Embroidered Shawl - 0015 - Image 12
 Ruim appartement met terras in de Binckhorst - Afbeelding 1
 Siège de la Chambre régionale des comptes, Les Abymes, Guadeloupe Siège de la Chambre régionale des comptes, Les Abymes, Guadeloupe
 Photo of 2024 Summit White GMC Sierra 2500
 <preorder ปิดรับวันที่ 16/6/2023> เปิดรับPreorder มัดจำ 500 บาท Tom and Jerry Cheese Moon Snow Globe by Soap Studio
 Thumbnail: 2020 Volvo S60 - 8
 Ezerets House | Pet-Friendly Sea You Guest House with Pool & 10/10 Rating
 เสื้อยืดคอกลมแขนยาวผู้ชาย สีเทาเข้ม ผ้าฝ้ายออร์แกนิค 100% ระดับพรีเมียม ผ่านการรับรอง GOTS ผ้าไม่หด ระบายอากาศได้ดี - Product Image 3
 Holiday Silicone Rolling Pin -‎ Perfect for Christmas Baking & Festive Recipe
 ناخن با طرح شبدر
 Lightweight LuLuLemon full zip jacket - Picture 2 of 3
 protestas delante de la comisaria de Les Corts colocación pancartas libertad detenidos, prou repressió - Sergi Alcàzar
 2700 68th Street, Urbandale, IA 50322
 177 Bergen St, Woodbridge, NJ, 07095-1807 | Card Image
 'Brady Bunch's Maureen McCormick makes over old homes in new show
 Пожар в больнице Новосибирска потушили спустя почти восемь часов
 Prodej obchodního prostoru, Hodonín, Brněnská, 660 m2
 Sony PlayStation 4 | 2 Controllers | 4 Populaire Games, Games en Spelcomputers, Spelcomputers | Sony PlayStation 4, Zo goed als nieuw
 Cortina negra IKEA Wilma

» TASK DETAILS:
An exact copy of the data is needed.

» WRITTEN ANSWER:
Embroidered Shawl - 0015 - Image 12
 Ruim appartement met terras in de Binckhorst - Afbeelding 1
 Siège de la Chambre régionale des comptes, Les Abymes, Guadeloupe Siège de la Chambre régionale des comptes, Les Abymes, Guadeloupe
 Photo of 2024 Summit White GMC Sierra 2500
 <preorder ปิดรับวันที่ 16/6/2023> เปิดรับPreorder มัดจำ 500 บาท Tom and Jerry Cheese Moon Snow Globe by Soap Studio
 Thumbnail: 2020 Volvo S60 - 8
 Ezerets House | Pet-Friendly Sea You Guest House with Pool & 10/10 Rating
 เสื้อยืดคอกลมแขนยาวผู้ชาย สีเทาเข้ม ผ้าฝ้ายออร์แกนิค 100% ระดับพรีเมียม ผ่านการรับรอง GOTS ผ้าไม่หด ระบายอากาศได้ดี - Product Image 3
 Holiday Silicone Rolling Pin -‎ Perfect for Christmas Baking & Festive Recipe
 ناخن با طرح شبدر
 Lightweight LuLuLemon full zip jacket - Picture 2 of 3
 protestas delante de la comisaria de Les Corts colocación pancartas libertad detenidos, prou repressió - Sergi Alcàzar
 2700 68th Street, Urbandale, IA 50322
 177 Bergen St, Woodbridge, NJ, 07095-1807 | Card Image
 'Brady Bunch's Maureen McCormick makes over old homes in new show
 Пожар в больнице Новосибирска потушили спустя почти восемь часов
 Prodej obchodního prostoru, Hodonín, Brněnská, 660 m2
 Sony PlayStation 4 | 2 Controllers | 4 Populaire Games, Games en Spelcomputers, Spelcomputers | Sony PlayStation 4, Zo goed als nieuw
 Cortina negra IKEA Wilma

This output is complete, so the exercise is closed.